I had the thought this morning Les Miles and Vince Dooley
might have made calls of condolence when the news broke. They certainly know
how it feels to be viewed as yesterday’s news. In any case, I will still pull
for the Dawgs to win no matter whom they sign up as the next head coach and no
matter what his record is at game time.
But my enthusiasm is suffering right now and I wonder if it
will ever recover fully. Personally, I would have given Coach Richt another
year with strict expectations made known to all; and, even if it was somehow
necessary to do what was done today, I believe the change could have been made
in a manner that showed considerably more respect for a person who served the
university and the Bulldog Nation admirably for the past 15 years.

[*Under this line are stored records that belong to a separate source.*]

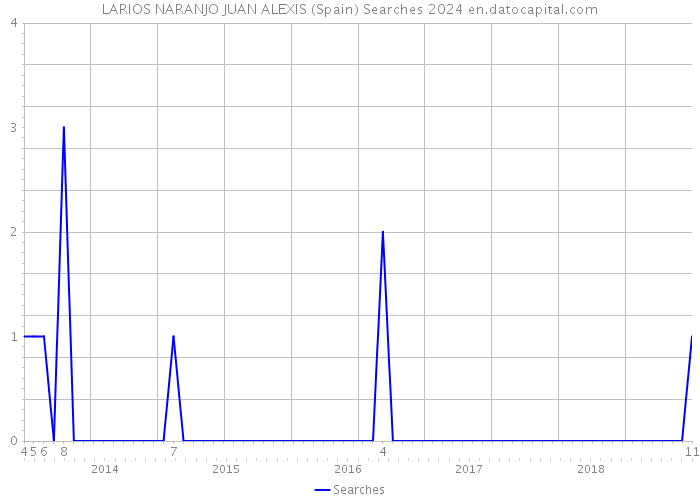 LARIOS NARANJO JUAN ALEXIS (Spain) Searches 2024 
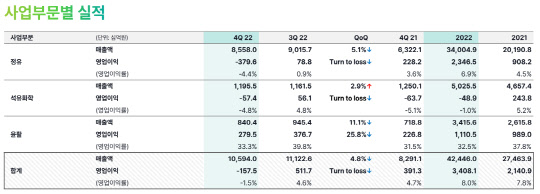 에쓰오일의 사업부문별 실적. 에쓰오일 제공.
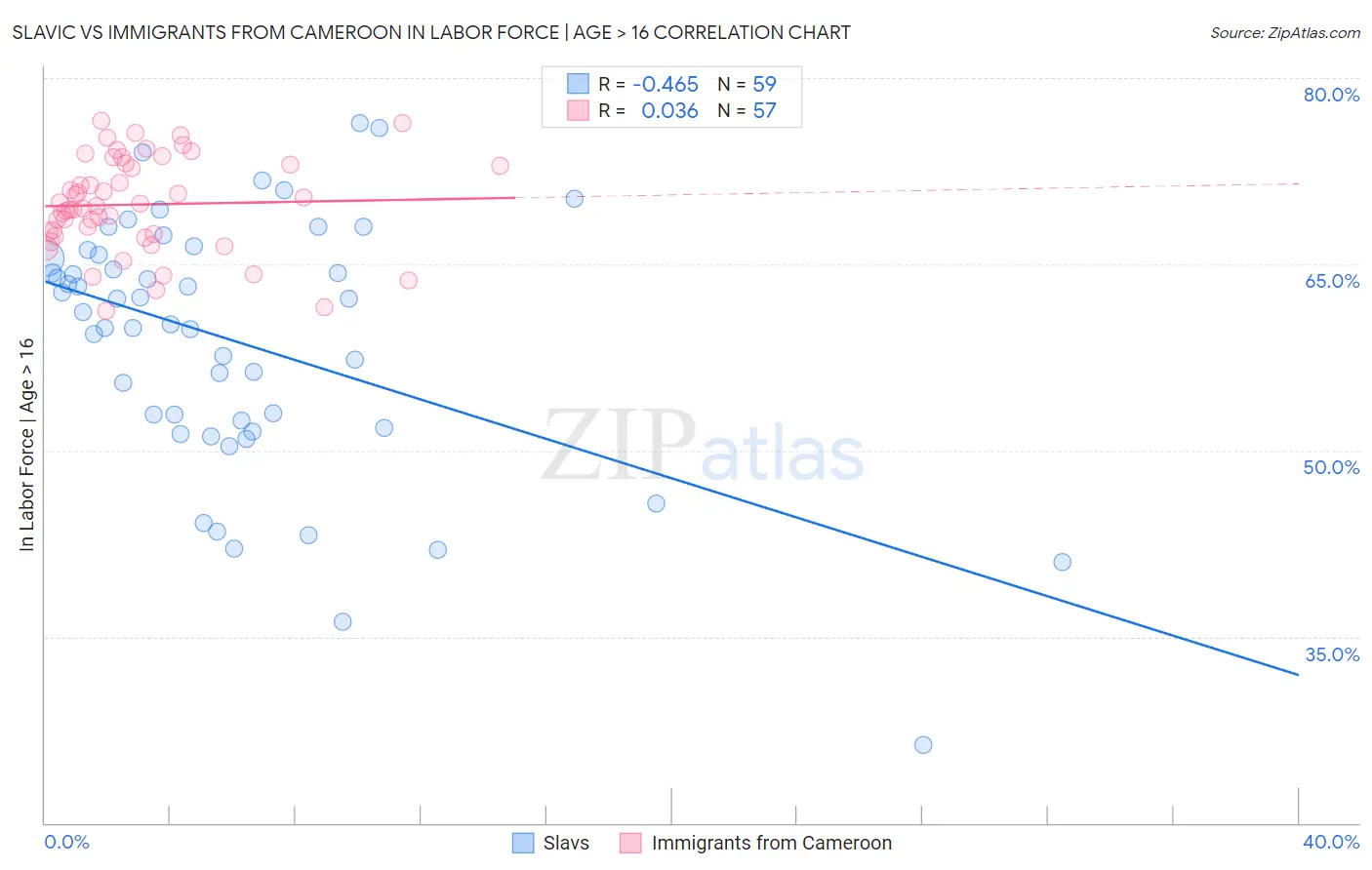 Slavic vs Immigrants from Cameroon In Labor Force | Age > 16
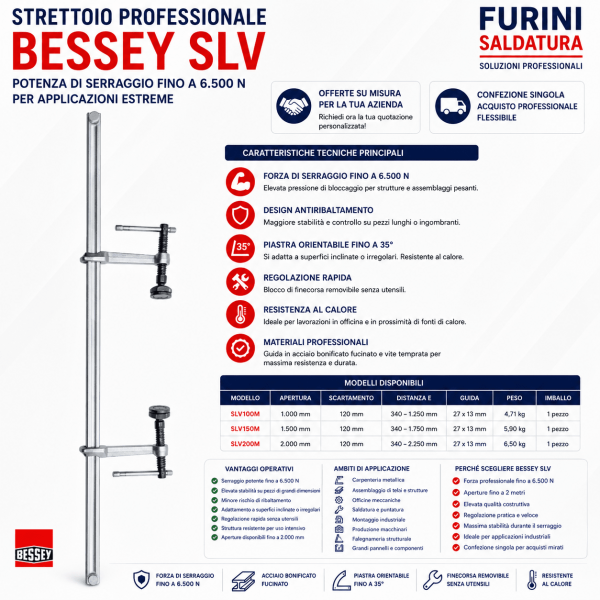 Strettoio ad alte prestazioni BESSEY SLV forza 6500 N per grandi aperture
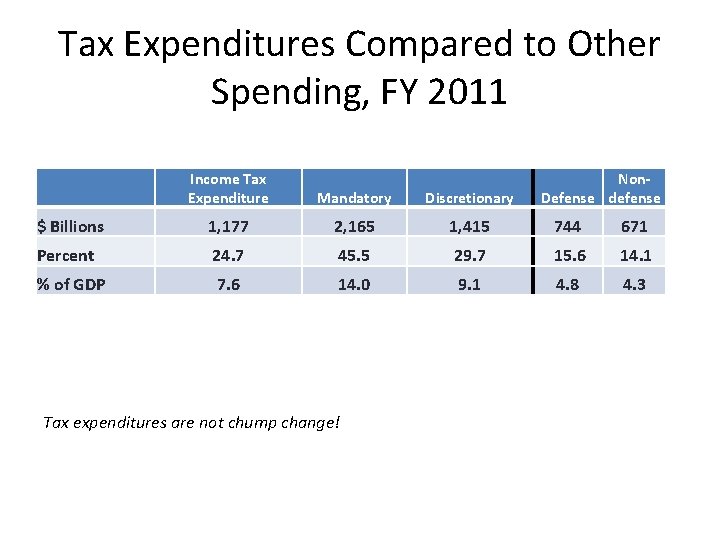 Tax Expenditures Compared to Other Spending, FY 2011 Income Tax Expenditure Mandatory Discretionary $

OK, to be honest, true confession, I decided several years
back I would not live or die depending on how the Dawgs come out on Saturdays
in the Fall. I love to win and hate to lose but it’s really not all that
important in the big picture, is it? To me, an old guy now, it’s more about
enjoying the game, savoring the competition where young men in crisp red and
black channel their aggression into a contact sport rather than fighting a
rival gang on the street or engaging in other acts of violence and frustration,
where kids get opportunities they would not otherwise have to shine and maybe
even get a college education at a fine academic institution, where my Dad
taught and I graduated prior to moving on in life. To me, it’s more about
striving to achieve excellence with the guidance of a moral compass, about the
community of Bulldog fans who appreciate the memories I alluded to here, it’s
about an Athens tradition I grew up with, one that cuts across races and social
niches, one that a lot of my old hippie friends don’t necessarily relate to but
I do.
Enough, then. Good luck, Coach Richt, and thanks for making
our football program one I was proud to support, win or lose. I for one will
miss you. And, I don’t feel badly for you because I know you’ll be fine. But,
today, I do feel badly for my school and my team.